Getting the strong numbers they did would have required support from Labor plus others. While passing motions (as opposed to legislation) goes unnoticed by the public, it's considered pretty cool by those involved. Their timing was also deft, with the defeat of President Trump in the US and the resignation of Joel Fitzgibbon from federal Labor's front bench 'shifting the dial' a little towards green-friendly policies. Also notable is that the Legislative Council has had just one Green member since the 2018 election. That's well down on the five seats won in 2014. Getting the motion passed indicates that Greens can work with others including Labor, despite rivalries being not far below the surface (eg this Twitter thread). The rest of the leader's tweet is about influencing the budget due in just over a week. That's encouraging for supporters but likely wishful thinking. That's not to say that the budget won't contain some initiatives that could be considered 'green'. But proposals will have been developed some time ago. This is because budgets are complex documents with input and agreement between numerous portfolio and coordinating departments. Their development takes months. And external factors, for instance the contents of and projections in last month's Federal budget, can prove influential. Savvy advocacy groups knew that the time when new policy proposals were being considered has passed, even noting this budget's delays due to COVID-19. November 24's budget should be very advanced by now, unless something dramatic to force a change happens. Still, there's always next year's budget. And it's worth looking at the content of the Victorian Greens' 'Green New Deal' policy rather than just the process. In particular, as is on-topic here, the soundness of their proposals for public transport services. The following came out just after the motion was passed. Public and active transport is a key plank. That is good. There's more on the Greens' website, complete with bus logo (below). Here they mention that a Green New Deal could create jobs and tackle climate change and inequality. Keep both uppermost when you read what follows. The next page talks about trains, trams and bikes.
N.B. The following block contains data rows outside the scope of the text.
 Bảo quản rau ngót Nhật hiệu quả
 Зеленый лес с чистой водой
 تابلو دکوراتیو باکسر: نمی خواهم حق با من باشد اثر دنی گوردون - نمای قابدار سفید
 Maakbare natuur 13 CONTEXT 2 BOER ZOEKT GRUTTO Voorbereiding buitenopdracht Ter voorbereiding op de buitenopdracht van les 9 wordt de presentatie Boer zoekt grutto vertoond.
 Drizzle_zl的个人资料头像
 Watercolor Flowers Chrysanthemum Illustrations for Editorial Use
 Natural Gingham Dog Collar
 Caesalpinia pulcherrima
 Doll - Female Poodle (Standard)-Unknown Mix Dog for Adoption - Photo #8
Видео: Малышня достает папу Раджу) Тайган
The centrepiece for cycling is a 'bike superhighway' linking the Green-held seats of Brunswick, Melbourne and Prahran.
Trains and trams get a separate Rail to Recovery paper.
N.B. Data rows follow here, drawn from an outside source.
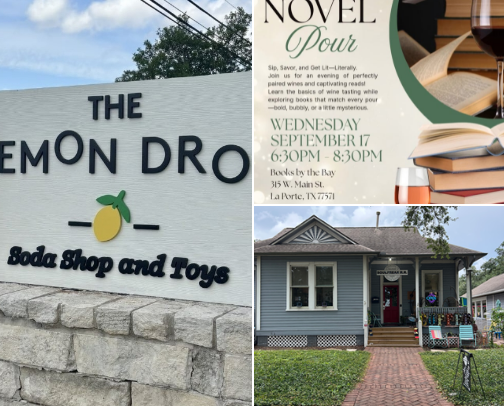 My top League City recs cover photo collage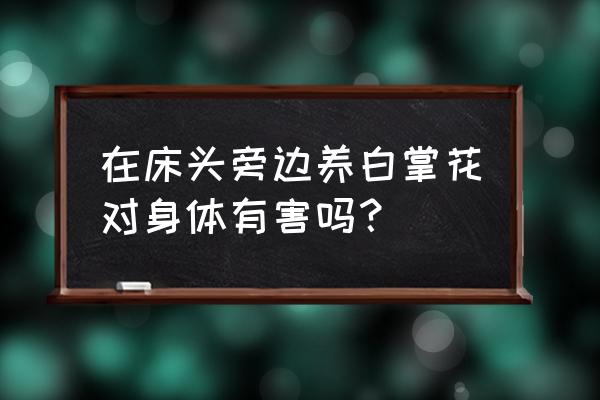 白掌有人说家里不能养 在床头旁边养白掌花对身体有害吗？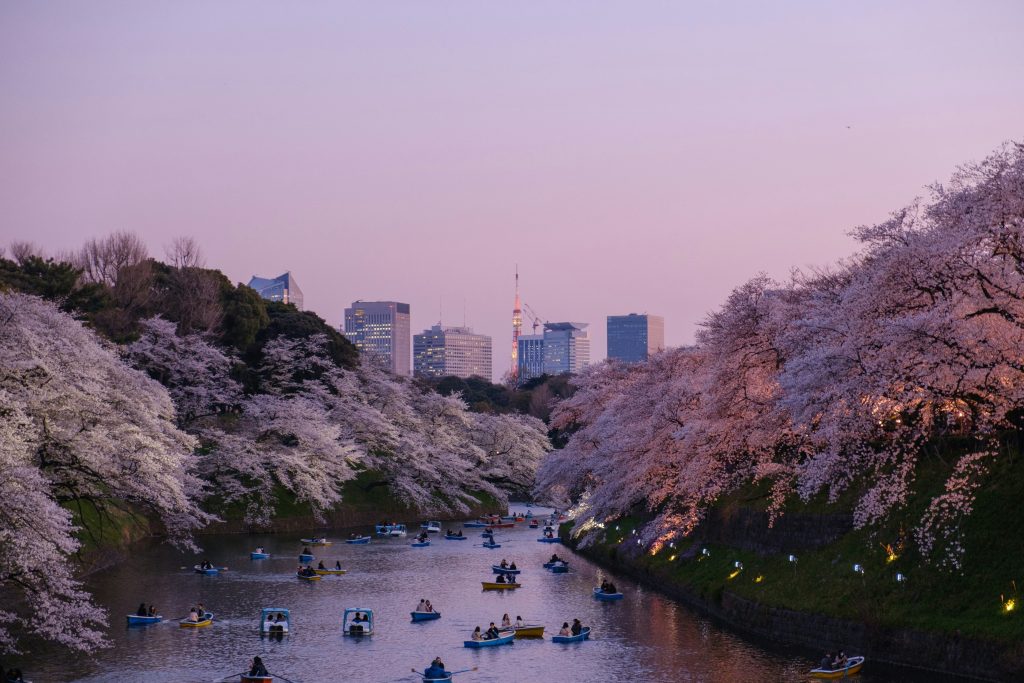 Sakura trees blossoming over a river in Tokyo with buildings in the background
Despite the extreme cost-effectiveness of upgrades and benefits for where over four million people live and work buses get no mention anywhere. That bus logo turned out to be a cruel ruse with nothing more said about them anywhere.
It's as if, in the minds of those who drafted this 'Green New Deal', the majority of Melburnians, whose nearest and often only public transport is a bus, neither exist nor have legitimate public transport needs. Walking, which has a wider social base than cycling, and is essential to reach trains, trams and buses, also goes un-mentioned.
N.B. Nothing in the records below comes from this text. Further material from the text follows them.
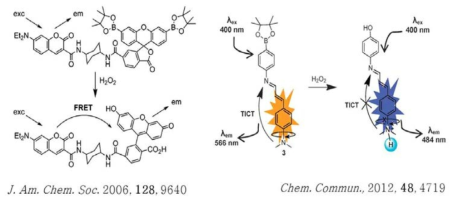 화학센서로 사용되는 형광성 분자의 형광 발생원리.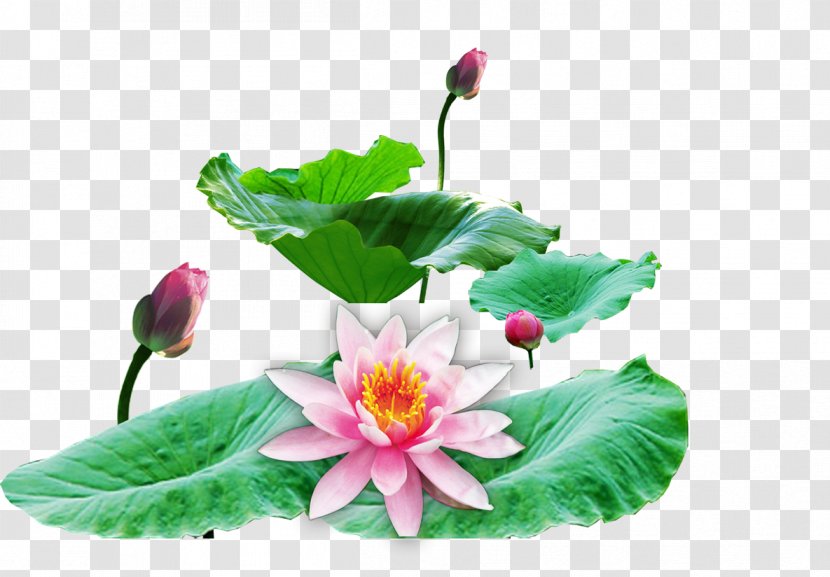 Aquatic Plant Petal Leaf Annual Herbaceous - Lotus Transparent PNG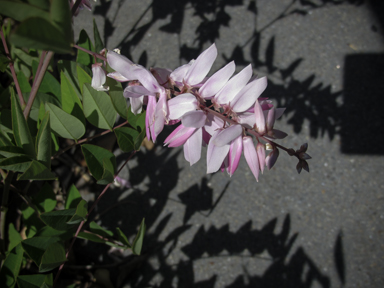 APII jpeg image of Indigofera decora  © contact APII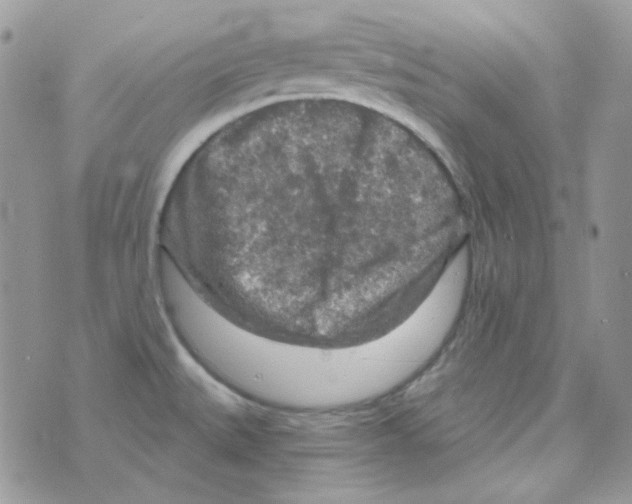 X0000073751527200608311922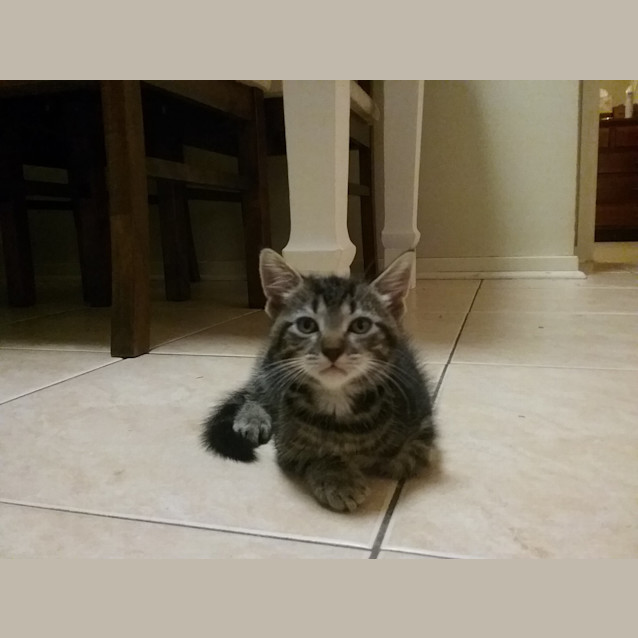 Photo of Bruno ** I'm Just $25! **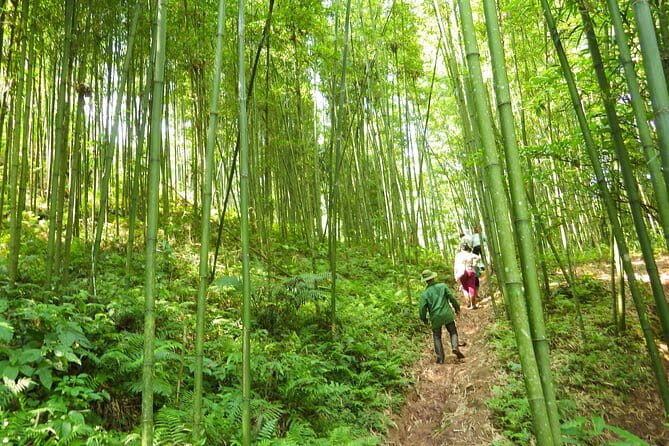 2-day Mai Chau Visit and Da River Boat Trip with round trip from Hanoi - Final Thoughts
In more detail, this is what Rail to Recovery proposes for trains:
* Trains every 2 - 3 minutes during peak hour and* every 5 - 10 minutes off peak times.* Staff at every station, first train to last.* Over 100 new high capacity trains.* New tunnels and extra tracks.* Modern high capacity signalling across the network.
The likes of Box Hill and Caulfield already have peak trains running at or close to the 2 to 3 minutes suggested. That's been needed for capacity. But do they seriously think that the likes of Williamstown, Altona and Alamein justify it? After all they do say every train line.
While Melbourne on Transit supports boosting frequency to speed travel, even proponents must realise that there is a point of diminishing returns when service is already very frequent. At this point cost-effective measures to free capacity include network reform to divert some travel from pinch points, revised fares like peak surcharges to shift demand and, eventually, larger trains (like we're getting).
Adding four more trains per hour to triple service from 2 tph (every 30 min) to 6 tph (every 10 min) vastly reduces travel time variability or long waits. Such a large improvement would transform how people would use trains, with average waits falling from 15 to 5 minutes. That's huge, with an even bigger reduction in travel time variability (ie maximum waits drop from 30 to 10 min).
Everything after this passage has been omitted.